Work required: Print the listing below only from the line that has "Black long-sleeve peasant" through the line that has "A 60-year-old woman", exactly, and drop any picture.
[Data listing — start]
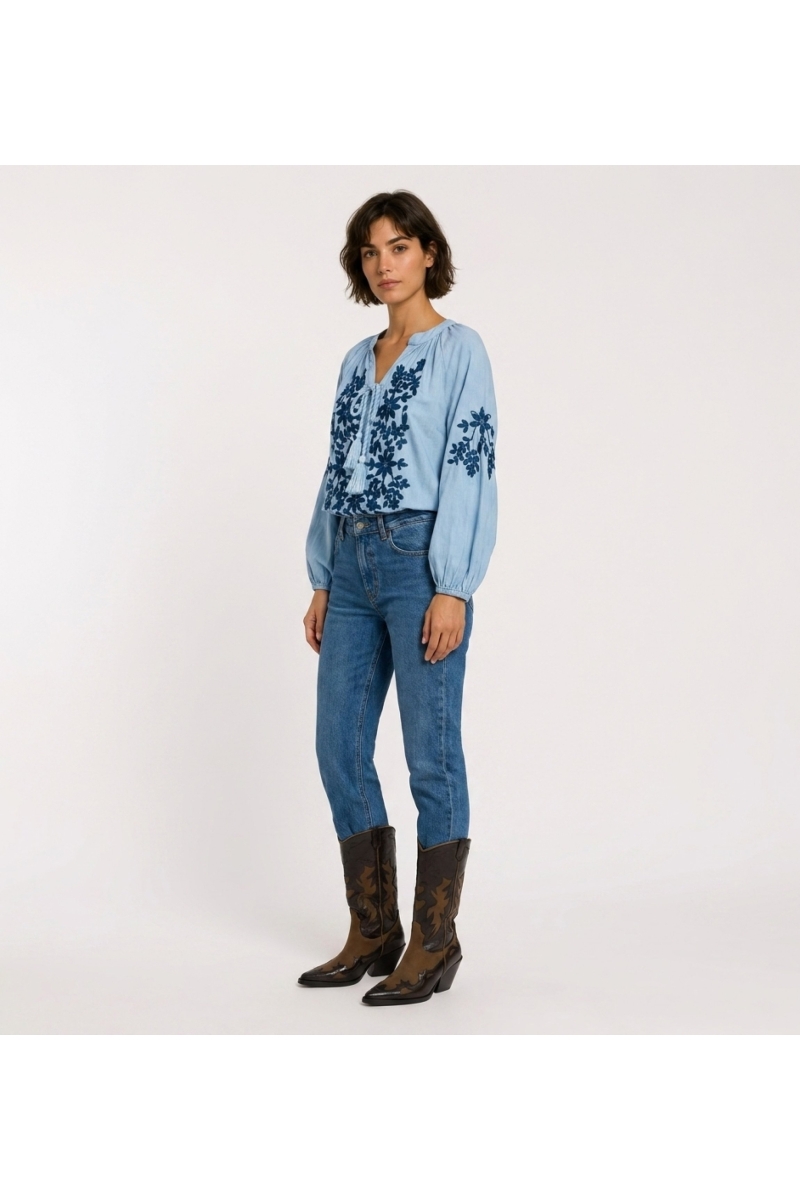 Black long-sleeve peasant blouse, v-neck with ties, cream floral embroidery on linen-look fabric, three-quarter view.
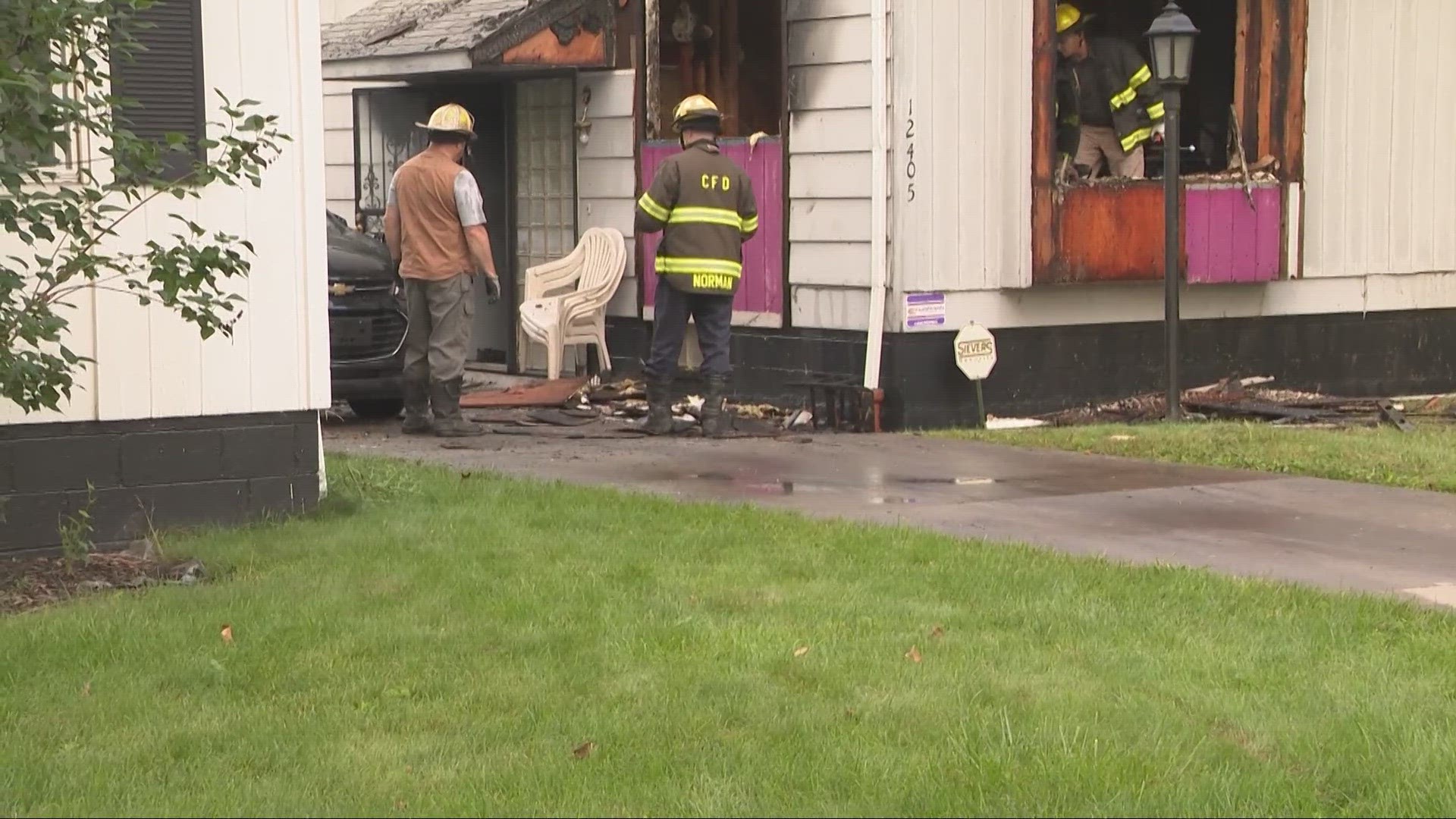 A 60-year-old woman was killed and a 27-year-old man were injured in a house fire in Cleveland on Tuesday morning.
[Data listing — finish]
[Data listing — start]
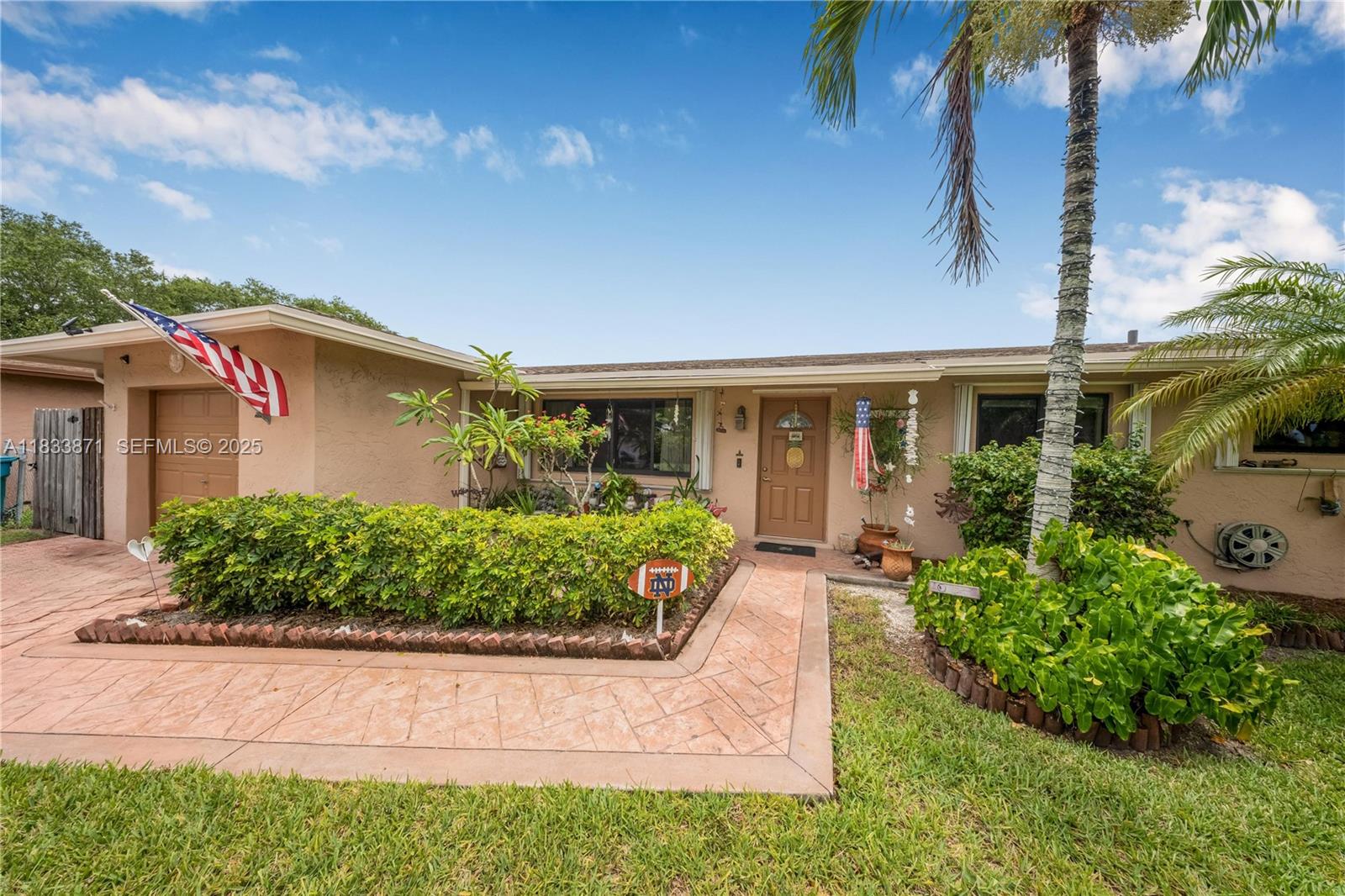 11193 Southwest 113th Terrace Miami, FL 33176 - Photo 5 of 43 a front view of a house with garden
[Data listing — finish]
The completed task:
 Black long-sleeve peasant blouse, v-neck with ties, cream floral embroidery on linen-look fabric, three-quarter view.
 A 60-year-old woman was killed and a 27-year-old man were injured in a house fire in Cleveland on Tuesday morning.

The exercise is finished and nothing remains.